Two months later, Lou says, she knew she was pregnant and she ran away to New York. She wrote to her parents from there.
I cannot tell you who the father is
, she wrote,
because I was very drunk, and I never even knew his name. He was from somewhere up north, and it wasn’t his fault. I was very willing. I was intoxicated, but I did know what I was doing. I am so sorry for causing you all such pain and embarrassment, especially just before Rosalie’s wedding.

Apart from that, Lou told her family, she was fine. She was living in a home for unwed mothers, and then, afterward, she would stay in New York and get a job.

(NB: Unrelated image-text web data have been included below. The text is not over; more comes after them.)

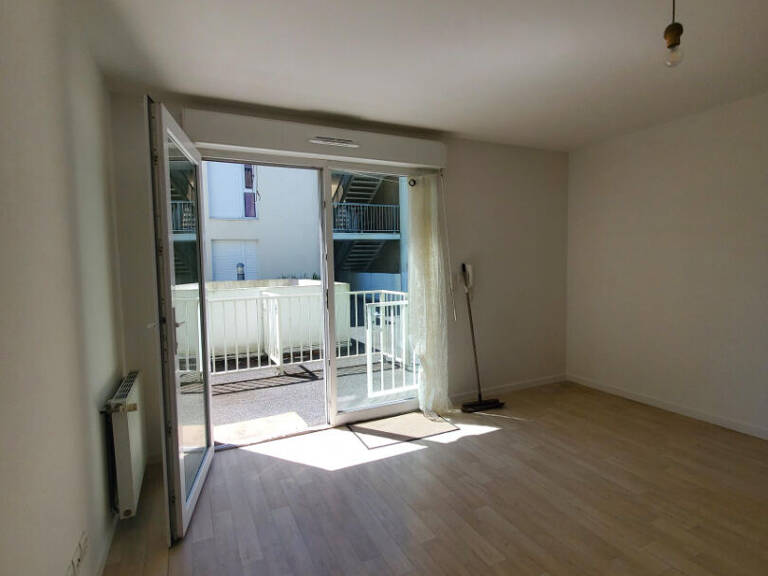 ROUEN GAUCHE — photo 1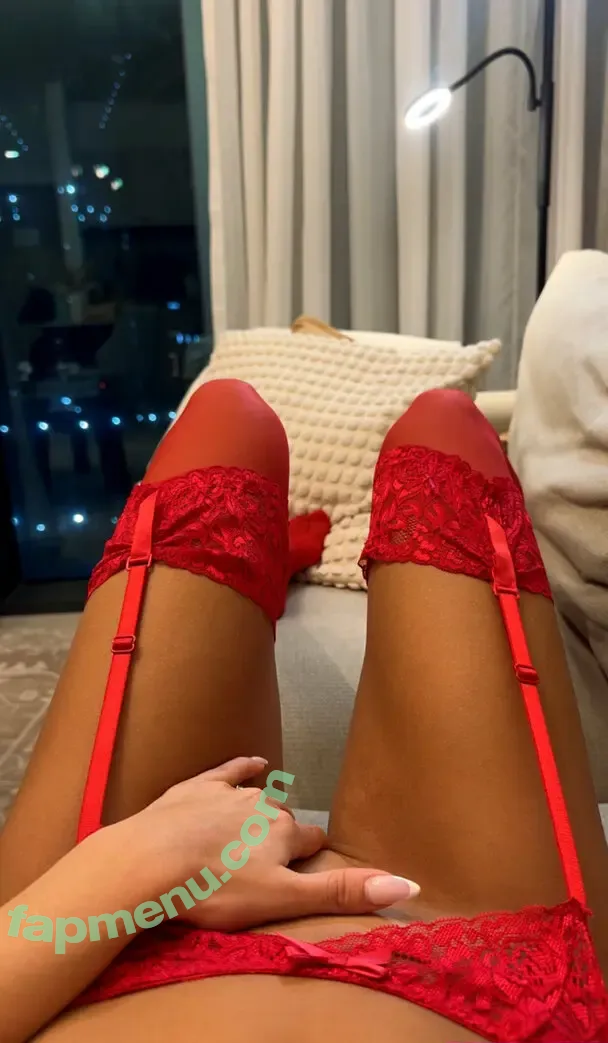 hadleywillow nude photo #0050 (hadley.willow)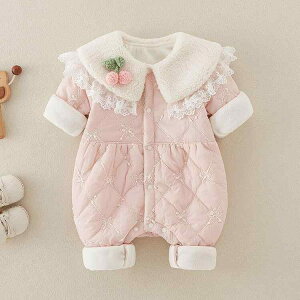 p[X xr[ ̎q Ԃ  H~ ԕ N ȓ LeBO Jo[I[  OJ vZX  ۉ h sN o Oo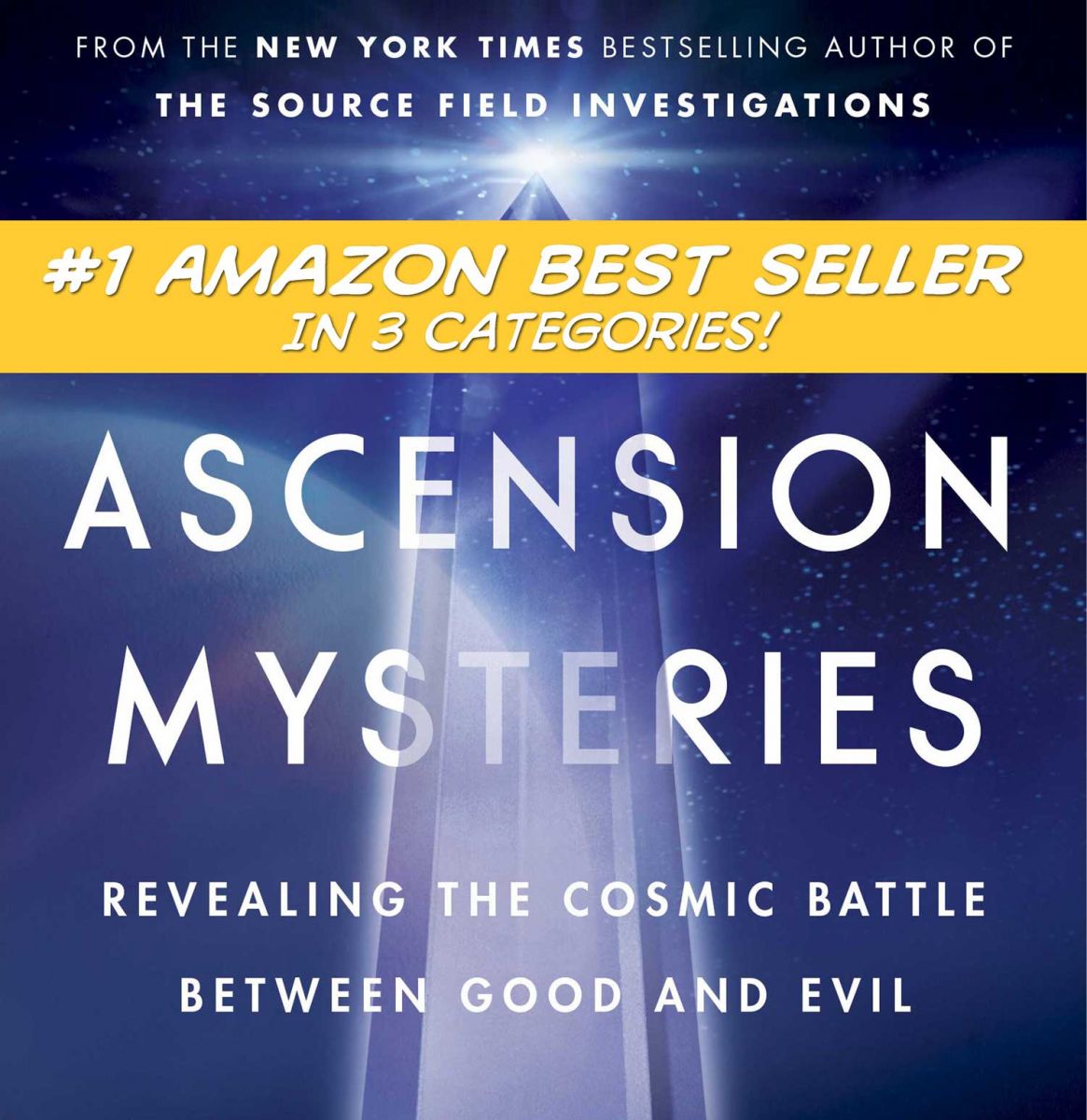UPDATES ~ David Wilcock ~ The Panama Toilet Papers and the Ascension Mysteries #1! Ascension_myst_header_no1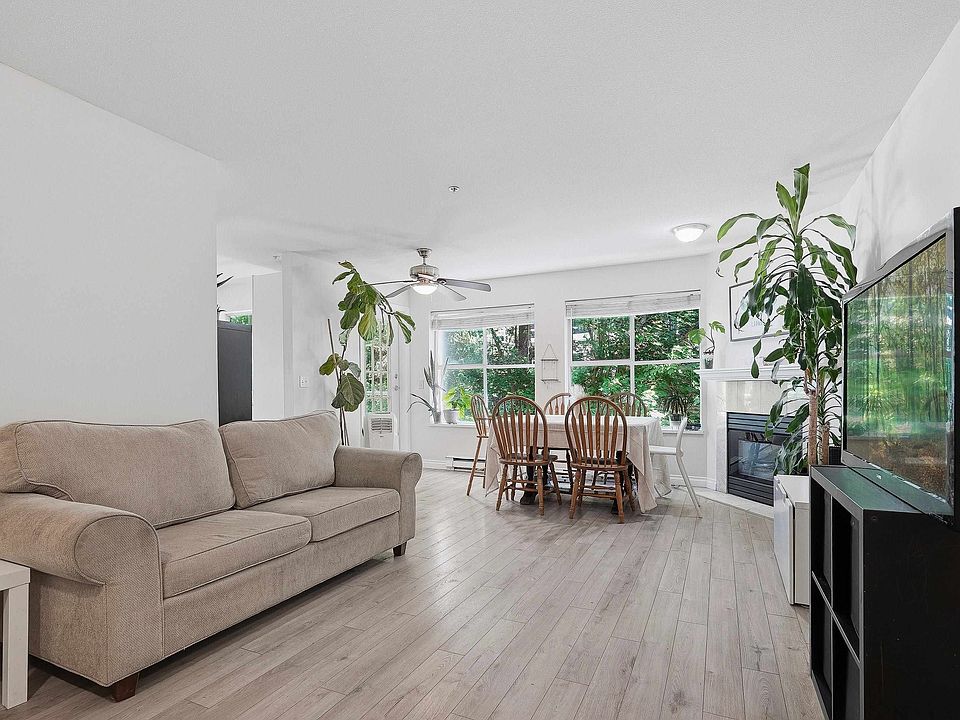 1st image of 4758 53rd St #209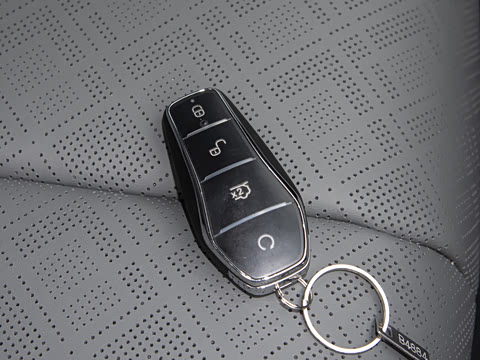 2025�� DM-i �Ǽݰ� 120KM׿Խ��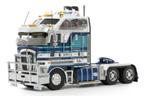 WSi Drake Mactrans Kenworth K200, Nieuw, Wsi, Ophalen of Verzenden, Bus of Vrachtwagen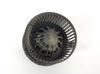 Motor de ventilador de forno (de aquecedor de salão) 7701062226 RENAULT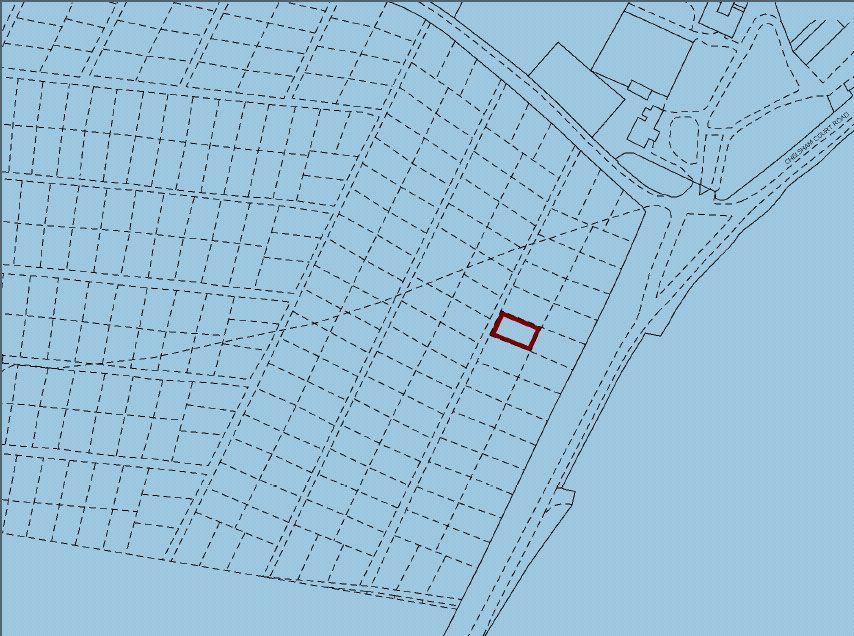 Property photo 2 of 19 Picture No. 01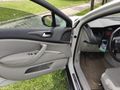 Galeriden Citroen C5 1.6 e-HDi Confort 2012 Model Denizli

“My mother,” Lou says, “was so distraught, she had to be hospitalized. A daughter in disgrace, a wedding in jeopardy. What would people say if I didn’t show up at my sister’s wedding? And what would they say if I
did
? I’d be showing by then.”

As for the man who had taken advantage of Lou, what else could you expect of a Yankee?

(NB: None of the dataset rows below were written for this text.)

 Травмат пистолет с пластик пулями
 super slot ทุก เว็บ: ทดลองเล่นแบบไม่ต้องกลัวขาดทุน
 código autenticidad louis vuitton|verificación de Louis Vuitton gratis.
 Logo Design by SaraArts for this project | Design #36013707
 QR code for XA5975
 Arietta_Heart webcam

“Poor Lou,” Sam murmurs. “Poor Lou. Did you …?”

“I had my baby and I gave her up for adoption.”

“When you said you went to Paris to get over someone …?”

“I meant my baby. I was bleeding grief and I thought I’d die. I wanted to die. The only person I ever told was Françoise. On New Year’s Eve, we were drunk and depressed and we made a pact. You have to leave your violent boyfriend, I told her, before he kills you. You have to find your baby, she said.
Ton bébé
. She wrote it on my mirror with lipstick:
Il faut trouver ton BB
.”

“And then you got stuck with a brat like me. What a lousy consolation prize I was.”

Lou moves away, studying gravestones. Sam follows.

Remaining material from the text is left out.